9.
「ええと…ゾウキ?お母さんの借金…飛機…乗れない,日本の子供,使う…難しい…でも,もう質問なし.話聞いて.僕とお巡りさん別々に逃げる.魔鬼,片方だけ追う.解る?」
「解る…が,どっちに来るか解るのか」
「僕,捕まえやすい」
「しかしそれじゃ時間稼ぎにならん…」
「…外道没有!捕まる.二人とも死ぬ,意味無い.あいつ殺すのに時間掛ける.解る?」
興奮して喋ると意味は良く解らなかった.しかし,試すほかに道は無さそうだった.飯綱は同意の印に首を折ると,言われた通り忍び足で廊下へ進み,非常階段へ向う.それを確認した阿明は,窓から身を乗り出し,ふわっと猫のように飛び降りた.
扉の把手を廻しながら,理性が囁きかける.あのチビはこっちを囮にして逃げるに決まっているじゃないか.自分が殺されるための作戦など有得ない.何のために彼を助けたかなど….
「阿明!悪い子だ.逃げるとお腹の子が早く孵るぞ!」
化け物の声が静寂を劈き,飯綱は急いで階段へと転び出た.真相がどちらにせよ,化け物は三国人の方に気を取られたのだ.この機会に逃げ延びるよりほか無い.好都合にも,少年は愚かしく甲高い挑戦の叫びを上げている.
「魔鬼!お前は終り!幇の兄弟達,大陸から道士連れてきた.油と火に焼かれて死ね!」
「奴等が,半々の臓器にそこまでする訳ないねぇ.ほら,一匹目の子が孵るぞ.狂う程の快楽を呉れてやろうわぇ…」
「うぐぅう…あいぁああ!…」
逃げろ.今の内だ.放っておけ.時が時ならお前があの子供を殴り,収容所に放り込む仕事をしていたんだ.いや,もっと酷い事さえしたかもしれない.

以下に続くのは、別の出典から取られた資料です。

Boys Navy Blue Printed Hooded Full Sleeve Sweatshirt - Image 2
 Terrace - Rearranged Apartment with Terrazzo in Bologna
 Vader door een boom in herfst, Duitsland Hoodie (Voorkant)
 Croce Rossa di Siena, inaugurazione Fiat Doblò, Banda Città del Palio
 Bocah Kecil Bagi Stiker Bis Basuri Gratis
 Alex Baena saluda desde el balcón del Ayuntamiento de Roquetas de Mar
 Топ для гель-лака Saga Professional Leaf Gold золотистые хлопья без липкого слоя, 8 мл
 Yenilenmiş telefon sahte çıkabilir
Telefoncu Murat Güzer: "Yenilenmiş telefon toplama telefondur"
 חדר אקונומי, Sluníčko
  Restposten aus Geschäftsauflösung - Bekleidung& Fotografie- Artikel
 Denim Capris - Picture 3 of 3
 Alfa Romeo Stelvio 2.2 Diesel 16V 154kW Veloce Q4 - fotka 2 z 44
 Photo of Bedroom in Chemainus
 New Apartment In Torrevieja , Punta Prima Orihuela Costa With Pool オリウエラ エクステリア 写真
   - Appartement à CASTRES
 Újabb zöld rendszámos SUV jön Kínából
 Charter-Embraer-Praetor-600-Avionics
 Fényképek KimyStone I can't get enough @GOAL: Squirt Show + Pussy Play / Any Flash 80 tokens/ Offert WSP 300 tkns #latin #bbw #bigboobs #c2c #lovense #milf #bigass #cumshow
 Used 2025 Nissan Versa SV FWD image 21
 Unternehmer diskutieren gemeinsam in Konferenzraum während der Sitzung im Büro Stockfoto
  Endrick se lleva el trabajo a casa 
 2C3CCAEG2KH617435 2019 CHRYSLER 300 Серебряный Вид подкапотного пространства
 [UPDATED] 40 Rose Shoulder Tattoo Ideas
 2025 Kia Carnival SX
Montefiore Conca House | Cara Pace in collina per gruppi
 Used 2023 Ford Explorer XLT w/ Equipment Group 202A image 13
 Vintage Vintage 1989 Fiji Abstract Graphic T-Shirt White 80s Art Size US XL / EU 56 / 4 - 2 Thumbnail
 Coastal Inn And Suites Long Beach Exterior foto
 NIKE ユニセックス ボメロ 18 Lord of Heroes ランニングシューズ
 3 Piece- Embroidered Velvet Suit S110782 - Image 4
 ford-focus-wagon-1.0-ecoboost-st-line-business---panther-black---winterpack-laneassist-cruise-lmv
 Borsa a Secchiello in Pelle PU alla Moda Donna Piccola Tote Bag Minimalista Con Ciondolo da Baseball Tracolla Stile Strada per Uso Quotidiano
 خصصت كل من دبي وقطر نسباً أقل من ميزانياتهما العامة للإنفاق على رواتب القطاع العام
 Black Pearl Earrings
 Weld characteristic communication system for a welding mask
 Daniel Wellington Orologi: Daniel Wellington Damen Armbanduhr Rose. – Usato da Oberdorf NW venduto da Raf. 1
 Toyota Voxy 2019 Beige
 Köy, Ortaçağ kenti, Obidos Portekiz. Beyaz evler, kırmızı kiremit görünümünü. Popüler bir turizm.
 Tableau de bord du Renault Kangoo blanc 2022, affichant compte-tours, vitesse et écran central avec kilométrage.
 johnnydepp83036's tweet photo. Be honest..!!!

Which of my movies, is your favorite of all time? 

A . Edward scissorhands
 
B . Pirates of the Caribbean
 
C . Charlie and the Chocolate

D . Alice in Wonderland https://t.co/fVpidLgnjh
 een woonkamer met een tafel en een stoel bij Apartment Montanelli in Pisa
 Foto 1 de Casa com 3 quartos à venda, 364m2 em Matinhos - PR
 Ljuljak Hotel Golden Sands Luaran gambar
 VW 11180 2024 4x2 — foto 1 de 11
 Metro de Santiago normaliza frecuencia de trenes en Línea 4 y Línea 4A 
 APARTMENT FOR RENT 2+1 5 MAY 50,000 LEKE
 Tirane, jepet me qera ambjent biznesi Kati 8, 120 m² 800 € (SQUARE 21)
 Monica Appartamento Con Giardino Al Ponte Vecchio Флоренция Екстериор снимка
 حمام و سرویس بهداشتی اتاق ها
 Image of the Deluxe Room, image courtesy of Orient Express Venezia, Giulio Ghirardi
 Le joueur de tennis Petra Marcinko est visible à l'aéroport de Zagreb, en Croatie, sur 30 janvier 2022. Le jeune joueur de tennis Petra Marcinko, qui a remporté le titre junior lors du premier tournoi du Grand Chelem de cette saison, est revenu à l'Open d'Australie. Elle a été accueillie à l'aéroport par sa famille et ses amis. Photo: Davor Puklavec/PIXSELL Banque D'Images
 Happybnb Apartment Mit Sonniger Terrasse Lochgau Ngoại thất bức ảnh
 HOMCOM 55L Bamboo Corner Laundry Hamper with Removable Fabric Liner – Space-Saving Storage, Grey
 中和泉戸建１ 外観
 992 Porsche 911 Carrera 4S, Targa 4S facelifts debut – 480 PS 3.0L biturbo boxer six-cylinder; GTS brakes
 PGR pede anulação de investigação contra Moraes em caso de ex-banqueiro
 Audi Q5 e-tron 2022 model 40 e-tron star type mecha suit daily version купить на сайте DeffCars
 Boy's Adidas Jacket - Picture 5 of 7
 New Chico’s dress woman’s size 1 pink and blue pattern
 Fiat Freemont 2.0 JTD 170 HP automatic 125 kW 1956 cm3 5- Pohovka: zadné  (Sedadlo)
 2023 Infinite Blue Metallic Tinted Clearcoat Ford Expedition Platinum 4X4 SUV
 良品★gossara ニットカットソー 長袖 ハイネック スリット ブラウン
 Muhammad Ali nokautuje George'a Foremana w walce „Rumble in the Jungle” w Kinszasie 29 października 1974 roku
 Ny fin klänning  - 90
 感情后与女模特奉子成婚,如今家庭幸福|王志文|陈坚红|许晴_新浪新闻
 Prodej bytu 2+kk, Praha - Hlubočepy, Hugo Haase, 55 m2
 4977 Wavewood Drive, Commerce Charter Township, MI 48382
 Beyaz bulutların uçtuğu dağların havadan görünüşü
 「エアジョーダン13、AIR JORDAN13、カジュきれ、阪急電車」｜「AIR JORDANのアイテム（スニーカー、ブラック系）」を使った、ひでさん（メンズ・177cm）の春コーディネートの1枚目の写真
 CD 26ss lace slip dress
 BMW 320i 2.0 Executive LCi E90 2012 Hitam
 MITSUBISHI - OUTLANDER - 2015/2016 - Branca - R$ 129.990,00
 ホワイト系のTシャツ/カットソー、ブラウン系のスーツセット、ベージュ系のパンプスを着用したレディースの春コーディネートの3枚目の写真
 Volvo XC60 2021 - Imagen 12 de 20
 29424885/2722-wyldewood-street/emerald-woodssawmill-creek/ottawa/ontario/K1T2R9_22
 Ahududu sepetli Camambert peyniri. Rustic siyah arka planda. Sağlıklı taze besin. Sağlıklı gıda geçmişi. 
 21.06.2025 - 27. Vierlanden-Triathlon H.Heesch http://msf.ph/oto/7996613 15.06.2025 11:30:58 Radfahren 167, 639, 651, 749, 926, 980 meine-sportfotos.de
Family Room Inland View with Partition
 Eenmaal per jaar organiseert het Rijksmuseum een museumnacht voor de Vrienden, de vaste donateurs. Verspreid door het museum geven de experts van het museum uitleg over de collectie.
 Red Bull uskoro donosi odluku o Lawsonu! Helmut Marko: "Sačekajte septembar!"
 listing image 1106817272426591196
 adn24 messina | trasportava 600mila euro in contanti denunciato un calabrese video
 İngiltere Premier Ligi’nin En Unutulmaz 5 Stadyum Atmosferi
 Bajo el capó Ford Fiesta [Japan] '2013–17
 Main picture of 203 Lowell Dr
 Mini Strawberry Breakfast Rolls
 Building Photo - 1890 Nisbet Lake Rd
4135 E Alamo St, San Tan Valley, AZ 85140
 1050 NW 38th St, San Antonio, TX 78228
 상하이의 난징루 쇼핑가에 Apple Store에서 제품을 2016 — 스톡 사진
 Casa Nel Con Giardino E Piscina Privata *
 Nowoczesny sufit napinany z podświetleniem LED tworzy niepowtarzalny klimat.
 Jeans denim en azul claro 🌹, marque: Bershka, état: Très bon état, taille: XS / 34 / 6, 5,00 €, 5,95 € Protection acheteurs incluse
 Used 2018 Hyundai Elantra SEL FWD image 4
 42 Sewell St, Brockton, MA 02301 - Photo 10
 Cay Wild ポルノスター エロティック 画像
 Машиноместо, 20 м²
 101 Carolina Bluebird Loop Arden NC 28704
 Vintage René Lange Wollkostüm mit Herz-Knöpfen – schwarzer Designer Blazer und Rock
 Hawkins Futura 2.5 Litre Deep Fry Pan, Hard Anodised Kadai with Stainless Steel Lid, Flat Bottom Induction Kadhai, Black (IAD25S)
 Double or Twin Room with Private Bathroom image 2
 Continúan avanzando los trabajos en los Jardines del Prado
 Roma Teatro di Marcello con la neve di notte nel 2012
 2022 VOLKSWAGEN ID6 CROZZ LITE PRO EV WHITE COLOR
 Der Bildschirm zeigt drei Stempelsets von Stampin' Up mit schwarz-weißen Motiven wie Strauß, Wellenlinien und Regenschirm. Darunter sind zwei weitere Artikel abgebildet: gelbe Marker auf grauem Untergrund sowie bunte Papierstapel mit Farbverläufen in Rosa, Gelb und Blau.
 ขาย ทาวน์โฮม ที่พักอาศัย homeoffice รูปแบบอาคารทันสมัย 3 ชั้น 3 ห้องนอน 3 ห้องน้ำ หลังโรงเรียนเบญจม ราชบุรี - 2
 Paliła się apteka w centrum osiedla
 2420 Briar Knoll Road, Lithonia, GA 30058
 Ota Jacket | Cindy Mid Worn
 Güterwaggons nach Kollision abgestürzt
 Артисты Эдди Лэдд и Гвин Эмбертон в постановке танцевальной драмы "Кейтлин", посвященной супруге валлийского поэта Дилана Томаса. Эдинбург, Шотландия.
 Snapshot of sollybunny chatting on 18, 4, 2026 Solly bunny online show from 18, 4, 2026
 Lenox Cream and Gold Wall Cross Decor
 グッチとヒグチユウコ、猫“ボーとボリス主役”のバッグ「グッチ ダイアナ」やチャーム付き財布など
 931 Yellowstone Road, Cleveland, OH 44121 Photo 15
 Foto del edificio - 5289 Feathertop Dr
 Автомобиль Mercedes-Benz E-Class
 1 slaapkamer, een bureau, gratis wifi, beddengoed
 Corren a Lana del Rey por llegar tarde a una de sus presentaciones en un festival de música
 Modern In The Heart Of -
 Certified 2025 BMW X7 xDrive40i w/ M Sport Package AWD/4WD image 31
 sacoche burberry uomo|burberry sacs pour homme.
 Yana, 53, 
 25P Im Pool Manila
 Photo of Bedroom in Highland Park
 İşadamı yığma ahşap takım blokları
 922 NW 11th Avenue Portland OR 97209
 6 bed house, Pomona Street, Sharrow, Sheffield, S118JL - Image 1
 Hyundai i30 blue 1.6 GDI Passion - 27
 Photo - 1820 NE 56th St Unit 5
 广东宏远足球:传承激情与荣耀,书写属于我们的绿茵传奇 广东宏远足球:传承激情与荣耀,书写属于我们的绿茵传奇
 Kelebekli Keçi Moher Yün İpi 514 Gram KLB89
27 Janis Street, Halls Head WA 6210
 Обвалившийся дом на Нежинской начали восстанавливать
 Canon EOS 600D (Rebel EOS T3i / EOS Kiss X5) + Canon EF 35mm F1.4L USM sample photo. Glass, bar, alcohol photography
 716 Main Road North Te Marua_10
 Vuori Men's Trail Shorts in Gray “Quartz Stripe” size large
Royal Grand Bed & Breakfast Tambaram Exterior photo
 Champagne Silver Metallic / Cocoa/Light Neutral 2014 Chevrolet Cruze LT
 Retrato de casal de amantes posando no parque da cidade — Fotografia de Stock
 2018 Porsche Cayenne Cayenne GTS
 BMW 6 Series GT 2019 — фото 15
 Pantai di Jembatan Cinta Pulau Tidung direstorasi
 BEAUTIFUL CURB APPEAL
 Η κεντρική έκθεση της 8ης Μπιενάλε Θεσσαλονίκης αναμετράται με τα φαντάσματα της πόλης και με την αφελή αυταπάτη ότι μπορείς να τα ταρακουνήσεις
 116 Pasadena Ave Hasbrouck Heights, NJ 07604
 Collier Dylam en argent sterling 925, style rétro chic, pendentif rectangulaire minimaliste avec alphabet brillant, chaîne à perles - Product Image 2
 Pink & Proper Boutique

初めからあいつ等に係りさえしなければ,清水巡査部長も自分も今まで通り生きて行けたんだ.それにただ逃げる訳じゃない.応援を呼んで化け物を始末するためだ.
彼の足が止まる.
いや違う.奴は,捕囚が逃げたと気付けば,すぐ此処を離れる筈だ.そして,二度と警察の前に姿をあらわすまい.少なくとも公然とは.だが,それで助かるのか?姿を見た自分を,奴は決して忘れないだろう.巡回中,休暇中,あらゆる時に,狙い続けるだろう.
今だけだ.彼方より此方が優位に立てるのは.応援を呼ぶ暇など無い.どんな子供にだってそれは明らかだ.あのチビは解っていて逃げる提案をしたというのか.
「畜生!俺は警官だぞ!」
武器を探せ.
およそ警官らしくない行動だった.治安組織の構成員が不必要な危険を冒すのは,全体の損害に繋がる.もし死ねば,清水巡査部長や自分の失踪について,真相は闇に埋れるのだ.